MESSINA – Apre alla riflessione l’andamento del processo d’appello a Cristian Ioppolo, il giovane condannato all’ergastolo per il femminicidio della ex fidanzata, Alessandra Musarra. La pensa così l’avvocata Cettina La Torre, legale della sorella di Alessandra e presidente del Centro anti violenza “Al tuo fianco” di Roccalumera. Di seguito, l’intervento del legale su vuoti legislativi e importanza dell’efficacia penale nella lotta culturale alla violenza.

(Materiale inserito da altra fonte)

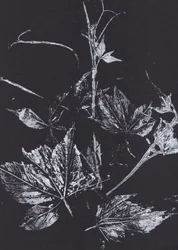 Des feuilles blanches sur fond noir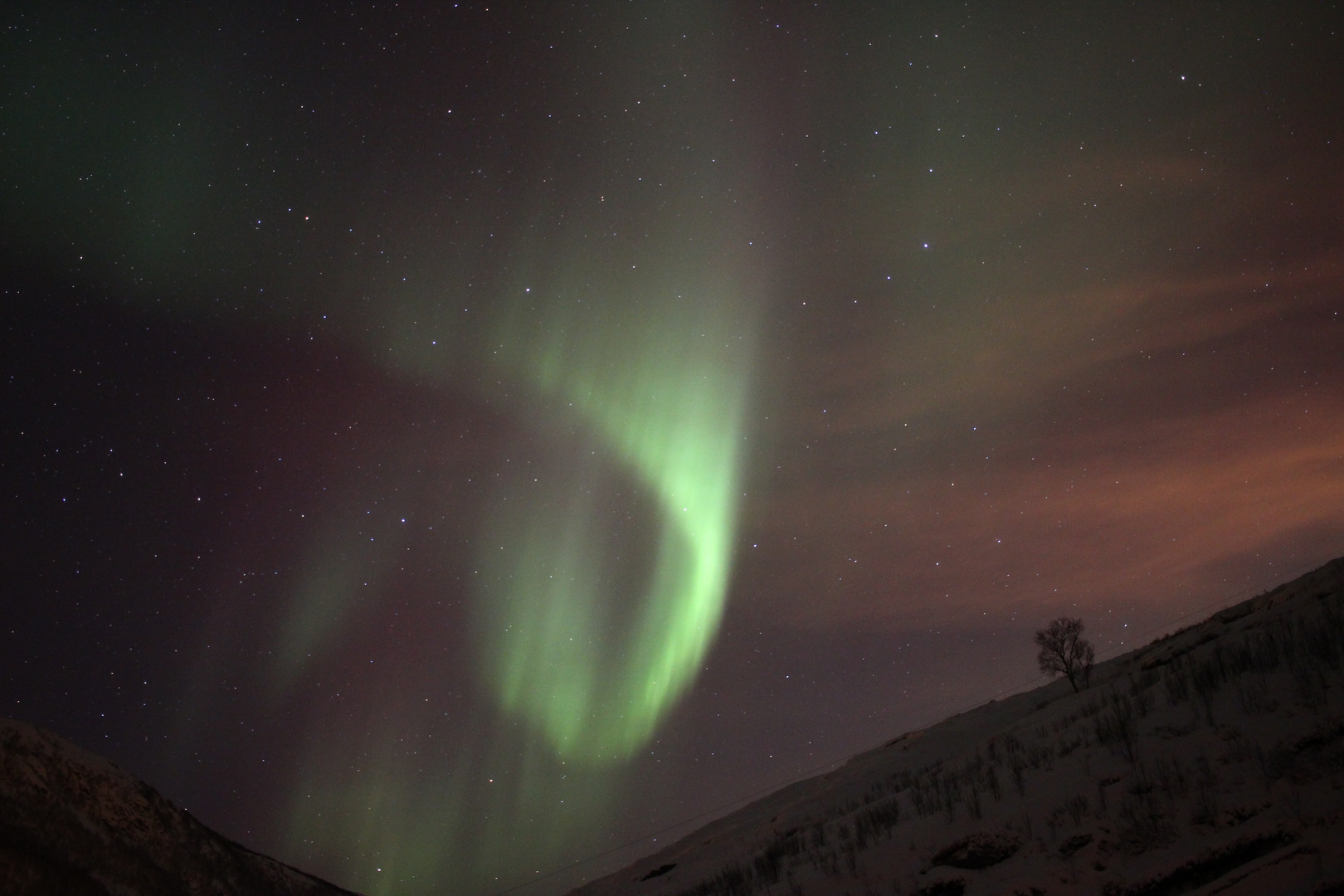 Nordlicht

La sentenza costituisce un riconoscimento importante delle lotte, sia a  livello legislativo che culturale portate avanti in tutti questi anni a tutela delle donne  vittime di violenza, e di femminicidi in  particolare. Certo occorre riflettere sulla discrasia normativa attualmente vigente, per cui, da  un lato, la legge n.69/19,  ha escluso la  possibilità per gli imputati di tali efferati  delitti, di richiedere il giudizio abbreviato in  primo grado,  ma dall’altro  è concesso loro   il diritto a richiedere il concordato in appello.

E ciò che più ha colpito in questo processo è  stata la circostanza che la richiesta di  concordato, in appello, sia pervenuta proprio  dal Procuratore Generale, quasi a  sconfessare l’attività processuale svolta in  primo grado dallo stesso Ufficio. E che, a fronte della mancata adesione da  parte dell’imputato,  abbia insistito nella  richiesta di riduzione della pena a 24 anni di  reclusione.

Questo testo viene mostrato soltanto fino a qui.